Our refined hotel is the ideal gateway to Macau’s historic ruins, spiritual temples and imposing fortresses, which illustrate the evolution of Western and Chinese civilizations over more than four centuries. To further enhance your stay, our hotel offers convenient access to more than 600 designer boutiques and several premier shopping centers. We warmly welcome you to Macau, and promise you an unforgettable stay in this unique and cosmopolitan city – St. Regis-style.
The St. Regis Macao, Cotai Central
The hotel is in the most desirable position on the Cotai Strip, and is perfectly situated within a prime center for dining, shopping andentertainment.

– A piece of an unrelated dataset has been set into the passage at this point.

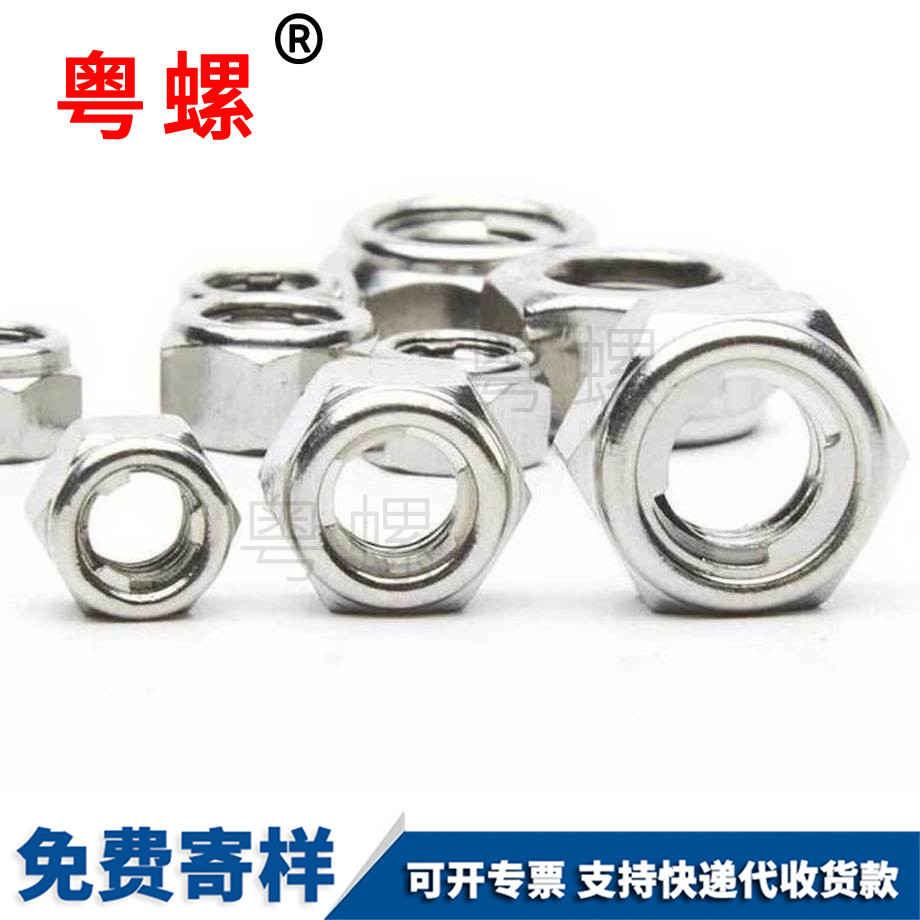 拉薩六角金屬自鎖螺母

Guests can enjoy the finest restaurants and amenities, aided by the expert guidance of the St. Regis Butler Service. Refined comforts and elegant furnishings await in each of The St. Regis Macao’s 400 guest rooms and suites, where state-of-the-art amenities combine with traditional Chinese architectural elements and spectacular views of the Cotai Strip.
Enjoy one of five unique dining experiences at The Manor, sample a speciality cocktail at The St. Regis Bar, or relax in the outdoor swimming pool.